EXERCISE OBJECTIVE: From the data below, copy exactly the lines that lie between the one holding "Vichy Homme Gel" and the one holding "Pochette raso azzurra elegante", including both, and nothing more.

___ TASK DATA

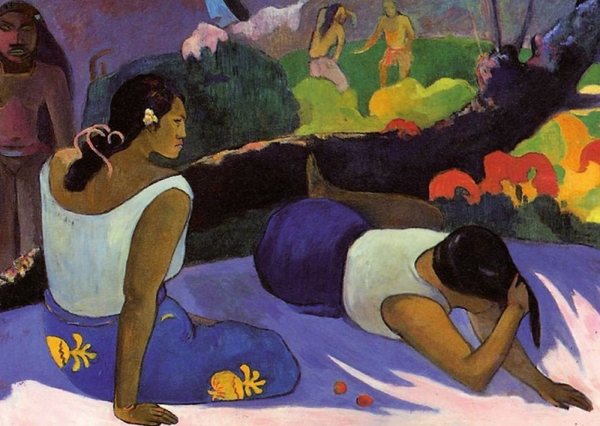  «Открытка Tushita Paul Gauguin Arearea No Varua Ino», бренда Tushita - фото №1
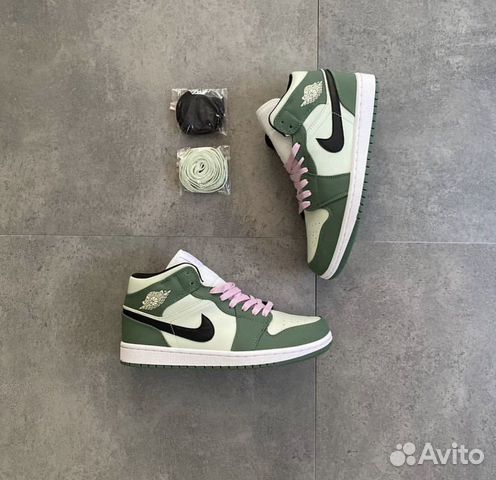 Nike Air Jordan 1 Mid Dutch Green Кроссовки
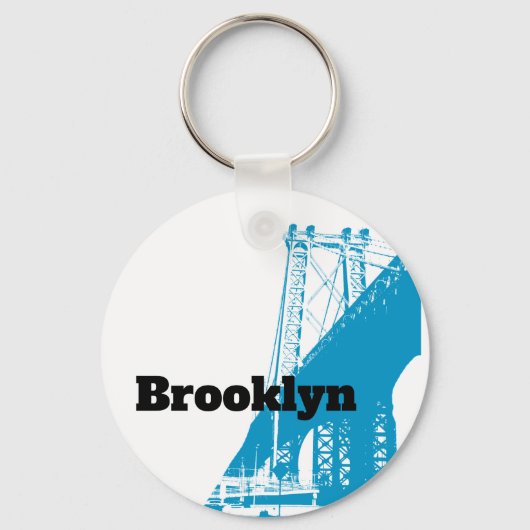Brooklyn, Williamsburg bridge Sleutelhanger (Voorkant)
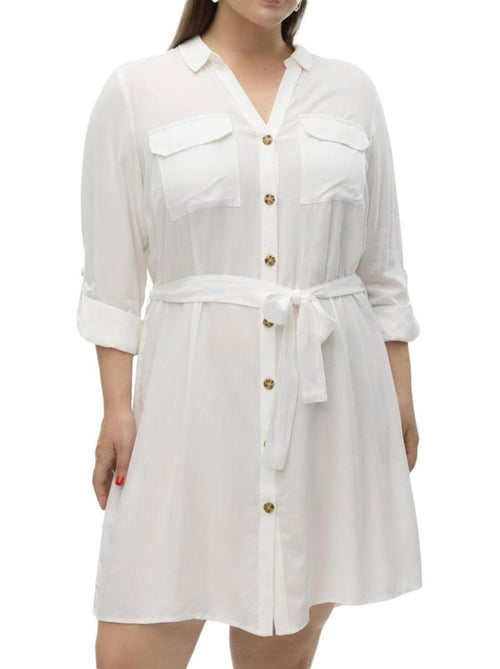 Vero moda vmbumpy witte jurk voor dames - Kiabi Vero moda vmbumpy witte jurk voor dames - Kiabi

______
___ TASK DATA

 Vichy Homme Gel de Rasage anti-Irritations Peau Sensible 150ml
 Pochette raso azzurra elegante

______

RESULT BELOW:
 Vichy Homme Gel de Rasage anti-Irritations Peau Sensible 150ml
 Pochette raso azzurra elegante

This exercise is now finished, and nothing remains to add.